“Untuk menjalankan komitmen ini, Indonesia tidak bisa berjalan sendiri. Memang tantangannya sangat besar, namun dengan adanya forum seperti AIPF ini memberi kita keyakinan, apapun tantangannya, kita akan terus melangkah maju bersama-sama,” ungkapnya.
Darmawan menambahkan dalam 2 tahun terakhir, PLN telah menjalankan berbagai upaya transisi energi. Di antaranya adalah membatalkan rencana pembangunan 13,3 Gigawatt (GW) pembangkit batubara, mengganti 1,1 GW pembangkit batubara dengan EBT, serta menetapkan 51,6% penambahan pembangkit berbasis EBT.
“Kami sedang dalam proses merancang dan mendesain ulang perencanaan ketenagalistrikan nasional. Dengan sistem baru ini, kami memahami adanya ketidaksesuaian antara sebagian besar sumber EBT dengan pusat beban sehingga kami akan membangun _green enabling super grid_ untuk menghubungkannya,” jelasnya.
Dirinya juga menyampaikan, saat ini PLN dalam proses mendesain dan membangun _end-to-end smart grid_. Dengan jaringan baru ini, PLN dapat meningkatkan porsi pembangkit energi surya dan angin dari 5 GW menjadi 28 GW.
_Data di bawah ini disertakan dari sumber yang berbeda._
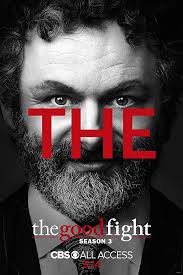 We did not find results for: Imdb Ratings Reviews And Where To Watch The Best Movies Tv Shows Michael Sheen Good Movies Fight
Pengembangan _green enabling super grid_ dan _end-to-end smart grid_ ini semakin mendesak untuk mengatasi ketidaksesuaian sumber EBT dengan pusat _demand_ listrik dan mengakomodasi penetrasi EBT _variable_ yang sangat masif.
Sistem inilah yang ke depan akan digunakan untuk mendukung pembangunan ASEAN Power Grid. Sistem ini diproyeksikan mampu menghubungkan transmisi lintas negara-negara di ASEAN, mulai dari Laos, Vietnam, Kamboja, Malaysia, Singapura dan Indonesia.